PROMPT:
All of the data is to be written out again exactly, without the pictures.

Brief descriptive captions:
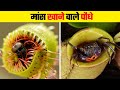 आपने भी नहीं देखा होगा ऐसा मांसाहारी पौधा Most Dangerous Carnivorous Plants in the World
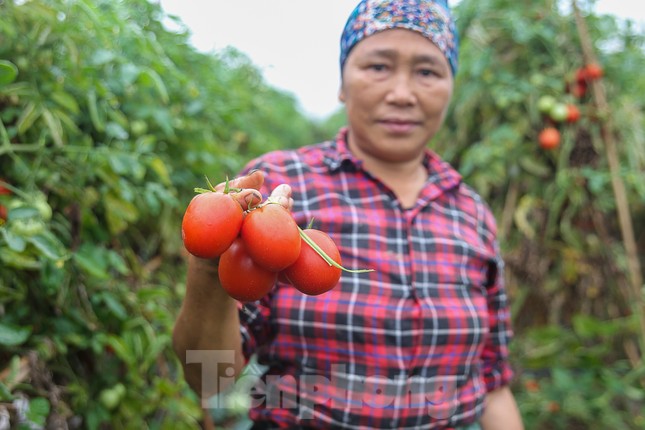 200 tấn rau củ quả 'ế', người dân Hà Nội đổ ngoài đồng ảnh 1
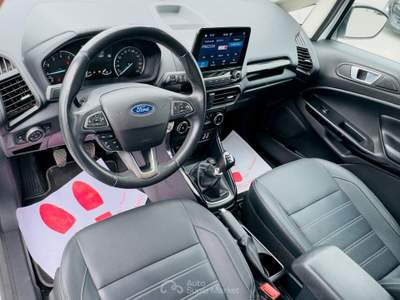 Ford EcoSport EcoBoost 125 CV Start&Stop Active Bianco usata Massarosa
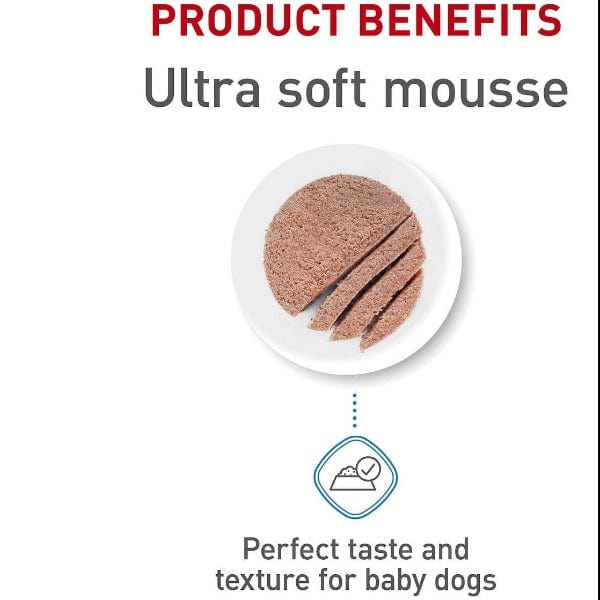 Royal Canin 145g Starter Canned Dog Food Mousse in Sauce for Mother & Babydogs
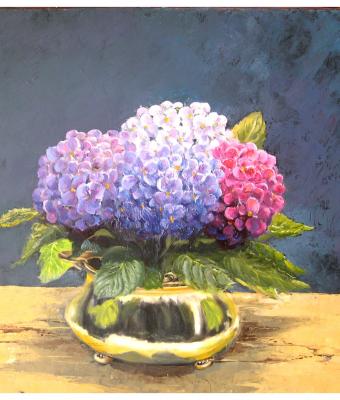 ortensie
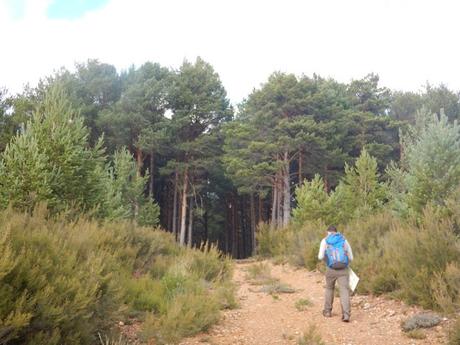 Ruta por los alrededores de Cional. Zamora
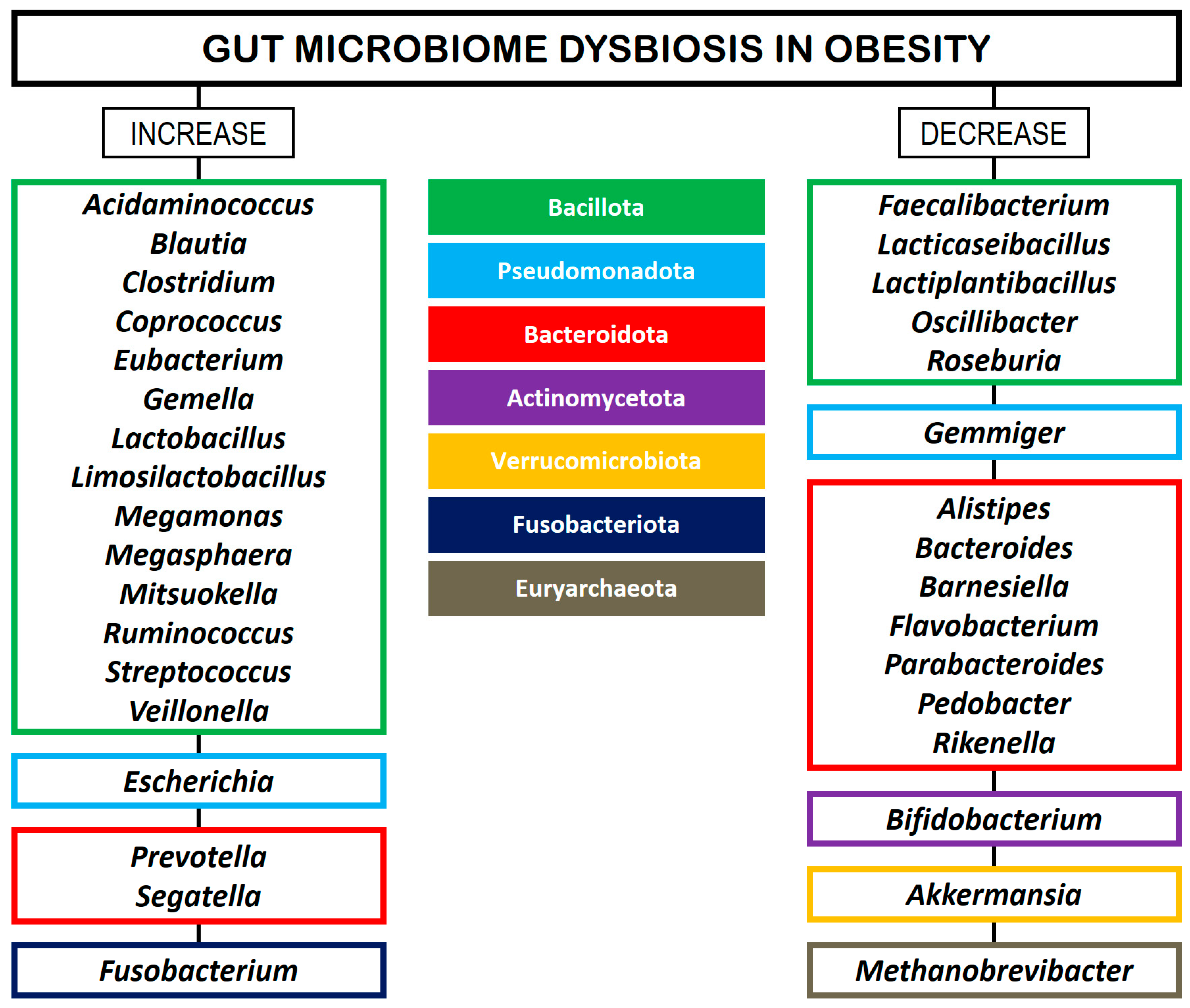 Biomedicines 13 02173 g001 Biomedicines 13 02173 g001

THE COMPLETED TASK:
 आपने भी नहीं देखा होगा ऐसा मांसाहारी पौधा Most Dangerous Carnivorous Plants in the World
 200 tấn rau củ quả 'ế', người dân Hà Nội đổ ngoài đồng ảnh 1
 Ford EcoSport EcoBoost 125 CV Start&Stop Active Bianco usata Massarosa
 Royal Canin 145g Starter Canned Dog Food Mousse in Sauce for Mother & Babydogs
 ortensie
 Ruta por los alrededores de Cional. Zamora
 Biomedicines 13 02173 g001 Biomedicines 13 02173 g001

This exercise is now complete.